I'm officially IN my 30s. No longer 30, but full-on in the decade. Part of me thinks this means it's time to grow up. For real this time, not like when I tried to grow up before but just ended up laying in a ball pit for a few days.
So I'm making "adulty" decisions and doing "adulty" things, in an attempt to seem more mature. I went to see Opera performed in the park last week. Culture! However the part I enjoyed the most was when the microphone shorted out and made a fart noise. Two steps forward, three steps back.
I'm trying to be more proactive in comedy, too. Doing more shows, and when I'm home I'm always working on new stuff. Responsible! However I still have the attention span of a 15 year old, so every hour on the hour I find myself looking up cat videos on the internet and loudly critiquing them to no one.
I'm also trying to cook more at home. I made a casserole for a couple of friends last night and was so overwhelmingly proud of myself that I got soundly housed on cheap corner store wine afterward to celebrate. But I think that might be the very definition of maturity, so nothing needs to change here.
I guess it's a compromise, really. If I balance my checkbook and separate the recycling on a regular basis, then it's not a big deal if I still cartwheel randomly or laugh at words like "unit" and "bosom". Because those are ridiculous words.
Gah. Blerg. Barf, and additional displeased onomatopoeia.
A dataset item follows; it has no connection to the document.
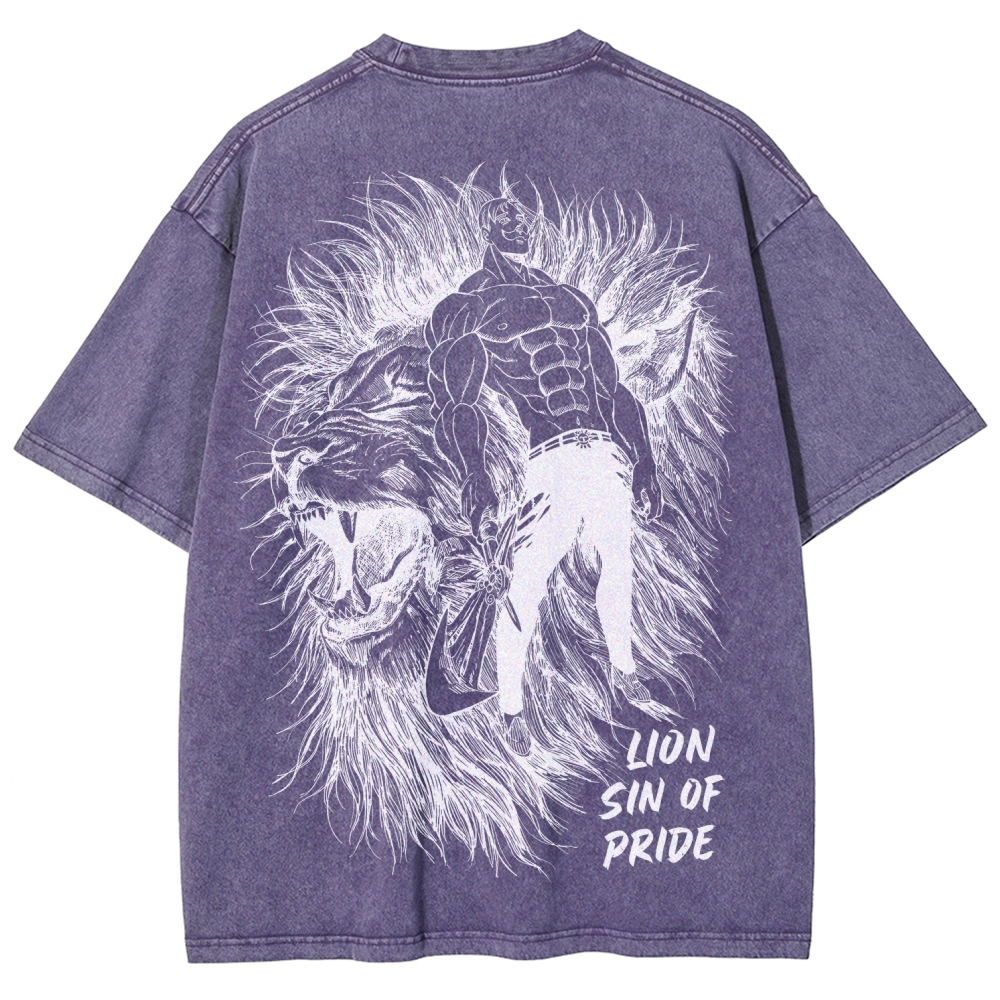 Seven Deadly Sins Unisex Fit Washed T-Shirt 2601014729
I have quit smoking!
I am almost a week without cigarettes now, and I can report that everyone around me needs to shut the f*ck up and that the g*ddamned bus moves too g*ddamned slow and that the assh*ole rice I made doesn't look like the sonofab*tch rice on the cover you lying b*stards at Knorr. Suffice it to say, it has been a pretty testy week. I have been a smidge irritable.
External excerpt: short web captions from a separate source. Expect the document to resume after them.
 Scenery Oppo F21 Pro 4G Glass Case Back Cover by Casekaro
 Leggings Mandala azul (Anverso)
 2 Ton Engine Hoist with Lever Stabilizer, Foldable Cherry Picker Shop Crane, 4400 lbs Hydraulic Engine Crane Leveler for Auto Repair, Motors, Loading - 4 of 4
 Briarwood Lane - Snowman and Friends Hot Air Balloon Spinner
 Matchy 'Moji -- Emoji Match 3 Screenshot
I have also had a weird physical side effect, which is a TON of nervous energy. Like, cocaine-level energy. Wait - do people on cocaine have a lot of energy? I wouldn't know because I am a SQUARE. One time in the bathroom of a shitty dive bar in DC a chick doing lines off the sink asked me if I partied, and I was like, "Yeah, duh! All the time! My friend is having a house party tomorrow night, and everyone is bringing a mix tape! Right? Wacky, right?" Ugh - re-telling that makes me want to give myself a swirly.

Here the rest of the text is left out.